R18bn needed to finish Kusile and Medupi power stations - and 'there's no going back'
Eskom will finish building the troubled Kusile and Medupi power stations, despite running far over budget and behind schedule.
That is what Eskom chairperson Jabu Mabuza said on Wednesday during a media briefing at the Lethabo power station in the Free State. Mabuza claimed it would cost about R18bn to finish Kusile and Medupi.
Eskom CEO Phakamani Hadebe said Medupi was 94% done and Kusile between 89% and 91% completed. “There’s no going back. We just have to correct what we have," he said.
Hadebe added that the government had approved R49bn for maintenance on power plants over the next five years, including R5.5bn to address issues at Medupi and Kusile. He further added that the power utility would cut R20bn in operating costs over the next three to four years to sustain the business.
Public enterprises minister Pravin Gordhan said electricity tariff hikes could not continue “forever” at current levels. “They do have a negative impact on different parts of the business world," he said.
He posited that if all went according to plan, there would either be no load-shedding - or stage 1 "at the most" - provided that Eskom's turnaround plan is implemented "110%".
Gordhan assured the nation that there was a plan to ensure the lights stayed on this winter. "We have a winter plan," he said, adding that May 1 would be regarded as the start of the season.

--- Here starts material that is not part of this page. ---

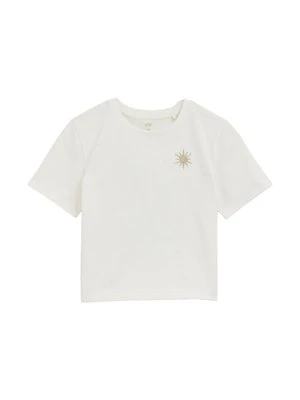 T-shirt z nadrukiem WE Fashion biały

"We have as an aim that there should be no load-shedding from now … If there is load-shedding, at the most we will see level 1 load-shedding on a few occasions."
Addressing the briefing, UCT energy expert Anton Eberhard from the presidential task team said Eskom faced problems resulting from the aftermath of state capture, which hollowed out the skills and finances of the power utility.
"The best people left - some of those who have been distracted by rent-seeking activities as well," he said.
Eberhard said the government pledging R23bn annually to Eskom and the tariff hikes were insufficient to help Eskom out of trouble. "No single intervention will solve the problem. There's not a silver bullet," he said.
Meanwhile, Gordhan added that Willie Hofmeyr's return to the helm of the Asset Forfeiture Unit was “excellent” news that could lead to the prosecution of Eskom's former bosses.
“He’s an old campaigner in that field," said Gordhan about Hofmeyr.